Image-text web data
⟨
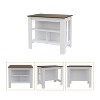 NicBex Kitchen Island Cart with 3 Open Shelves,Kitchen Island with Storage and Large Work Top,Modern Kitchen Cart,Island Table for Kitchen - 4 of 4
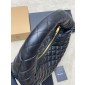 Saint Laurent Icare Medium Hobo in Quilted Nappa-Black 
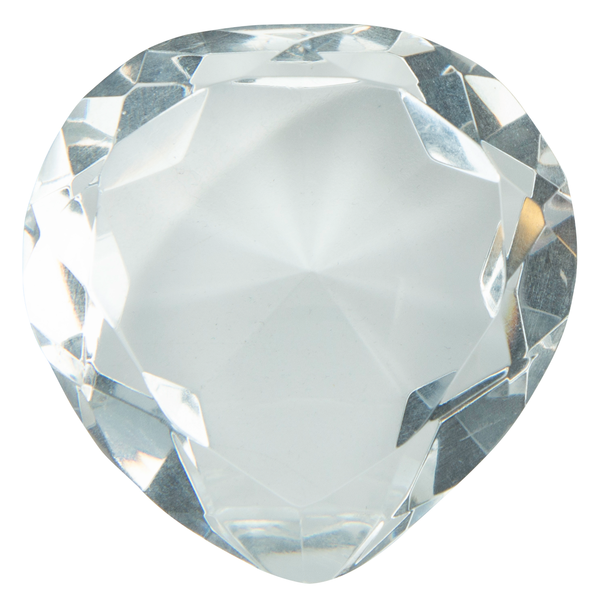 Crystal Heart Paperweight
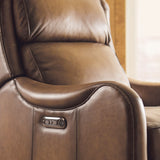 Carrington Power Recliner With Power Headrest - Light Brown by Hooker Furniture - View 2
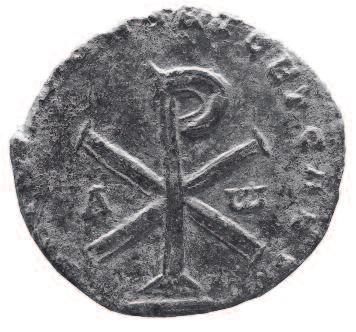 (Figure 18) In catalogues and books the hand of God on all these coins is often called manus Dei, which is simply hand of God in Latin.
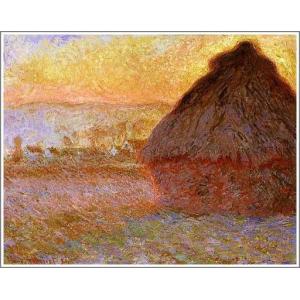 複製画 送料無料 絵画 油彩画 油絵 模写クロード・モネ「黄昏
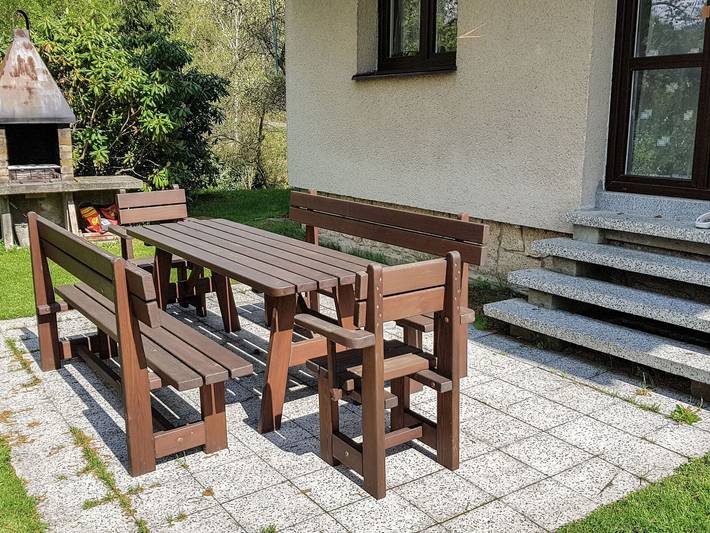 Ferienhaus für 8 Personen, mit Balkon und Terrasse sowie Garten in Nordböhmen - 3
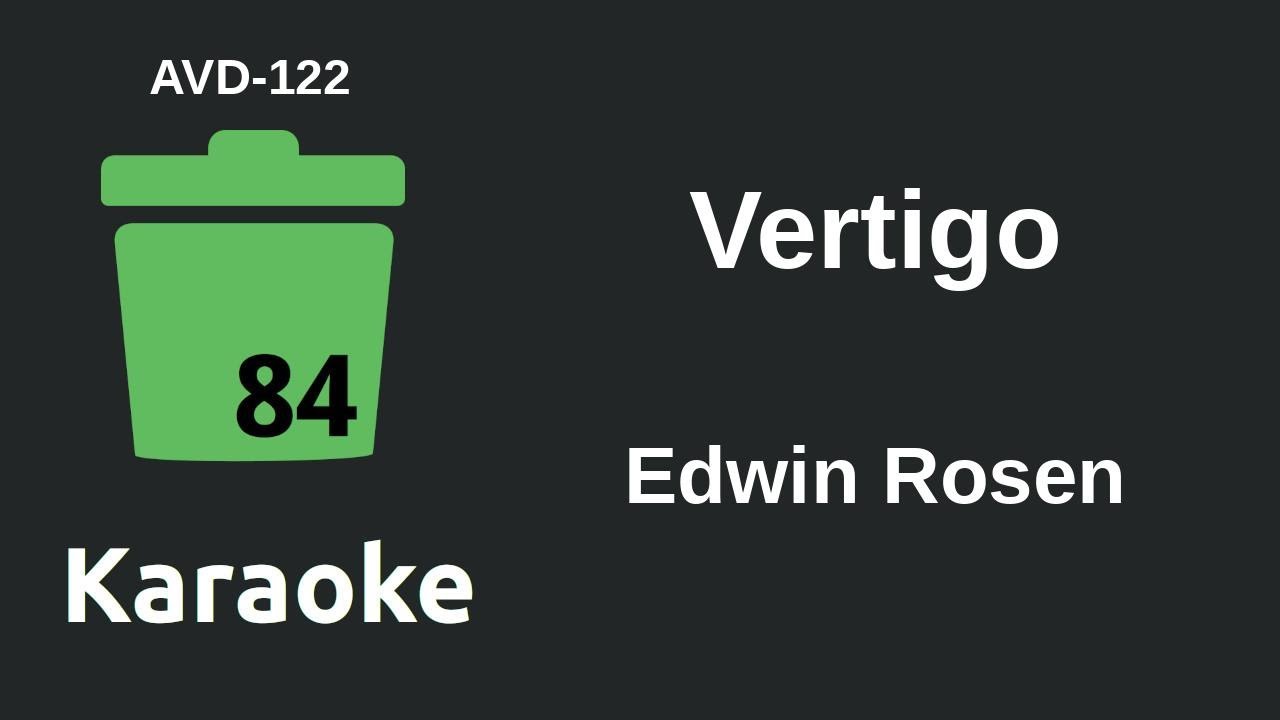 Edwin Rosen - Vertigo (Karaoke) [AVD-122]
⟩
* Problem statement *
Keep the pictures out of the copy and write out the data exactly as it stands.

* Result for this exercise *
 NicBex Kitchen Island Cart with 3 Open Shelves,Kitchen Island with Storage and Large Work Top,Modern Kitchen Cart,Island Table for Kitchen - 4 of 4
 Saint Laurent Icare Medium Hobo in Quilted Nappa-Black 
 Crystal Heart Paperweight
 Carrington Power Recliner With Power Headrest - Light Brown by Hooker Furniture - View 2
 (Figure 18) In catalogues and books the hand of God on all these coins is often called manus Dei, which is simply hand of God in Latin.
 複製画 送料無料 絵画 油彩画 油絵 模写クロード・モネ「黄昏
 Ferienhaus für 8 Personen, mit Balkon und Terrasse sowie Garten in Nordböhmen - 3
 Edwin Rosen - Vertigo (Karaoke) [AVD-122]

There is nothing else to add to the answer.